The reaction kettle is a container with physical or chemical reaction, realizes the heating, evaporation, cooling and low-speed and high-speed mixing functions required by the process through the structural design and parameter configuration of the container, is widely applied to the fields of petroleum, chemical engineering, rubber, pesticides, dyes, medicines, food and the like, and is generally made of carbon manganese steel, stainless steel and other composite materials.

Turbulence, also known as turbulence, is a state of flow of a fluid. When the flow rate is very small, the fluids flow in layers and are not mixed with each other, which is called laminar flow or candy slice; gradually increasing the flow speed, starting to generate wave-shaped oscillation on the streamline of the fluid, wherein the frequency and the amplitude of the oscillation increase along with the increase of the flow speed, and the flow condition is called transition flow; when the flow velocity increases to a great extent, the flow lines are no longer clearly distinguishable and there are many small vortices in the flow field, called turbulence, also called turbulence, flow disturbance or turbulence.
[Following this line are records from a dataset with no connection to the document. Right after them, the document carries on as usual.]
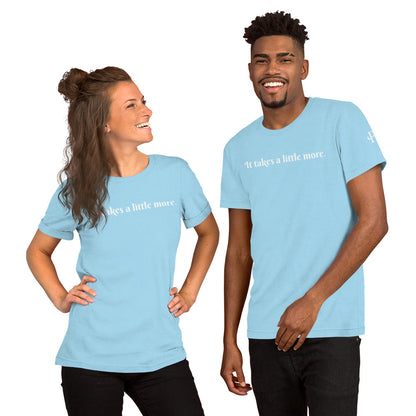 It takes a little more ; T-shirt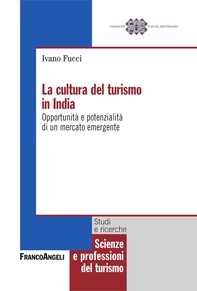 La cultura del turismo in India. Opportunità e potenzialità di un mercato emergente - Librerie.coop La cultura del turismo in India. Opportunità e potenzialità di un mercato emergente - Librerie.coop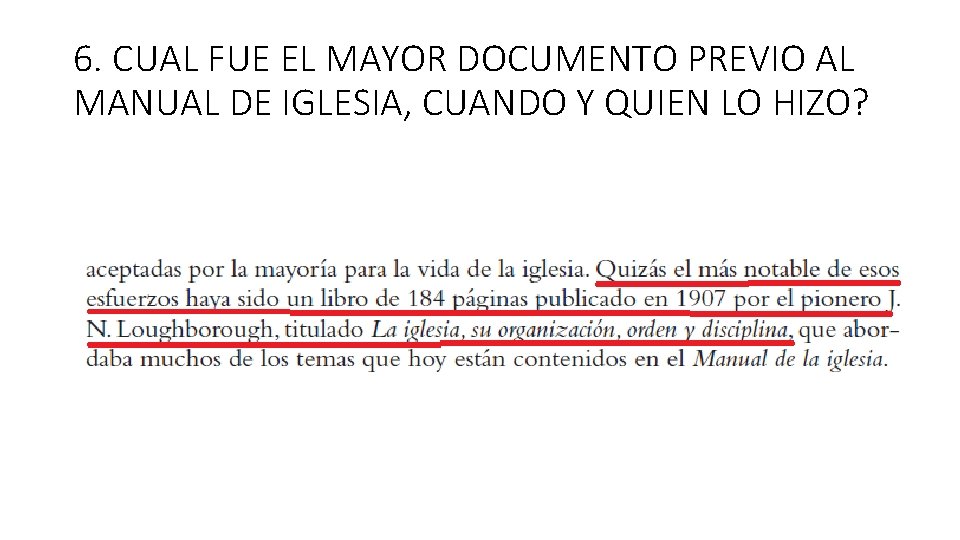 6. CUAL FUE EL MAYOR DOCUMENTO PREVIO AL MANUAL DE IGLESIA, CUANDO Y QUIEN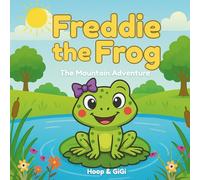 Freddie the Frog: The Mountain Adventure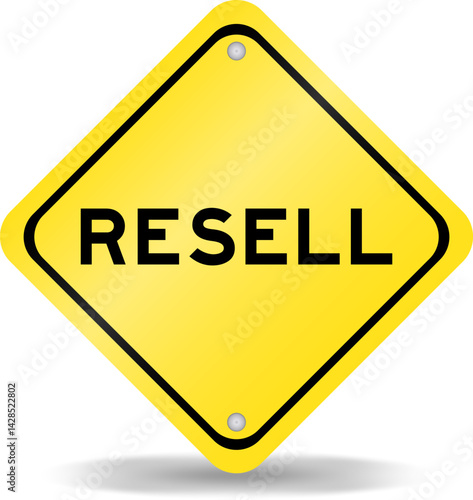 Yellow color transportation sign with word resell on white background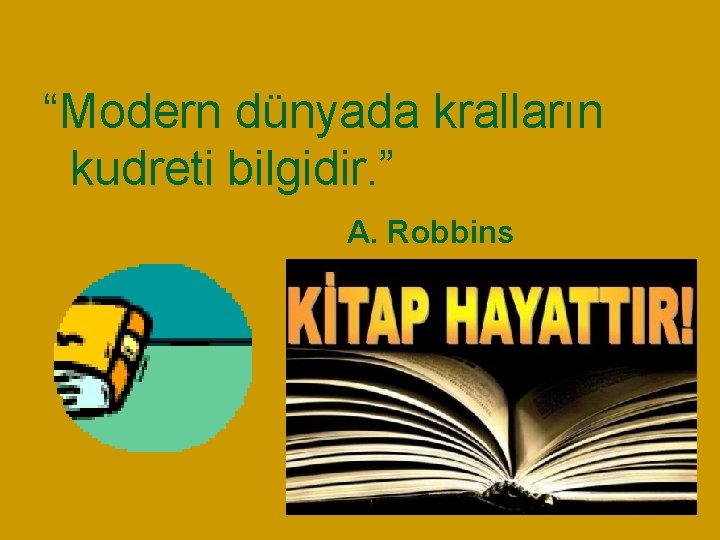 “Modern dünyada kralların kudreti bilgidir. ” A. Robbins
At present, most of reaction kettles only rotate for stirring in the stirring process, so that the material turbulence is small during stirring, the stirring effect is poor, the speed is low, and a large amount of time is wasted, so that the problem can be solved by a reaction kettle stirring mechanism capable of accelerating the material turbulence.

SUMMERY OF THE UTILITY MODEL

The utility model aims to provide a reaction kettle stirring mechanism capable of accelerating material turbulence, which has the advantages of large material turbulence during stirring and capability of manually controlling the material turbulence, and solves the problems in the prior art.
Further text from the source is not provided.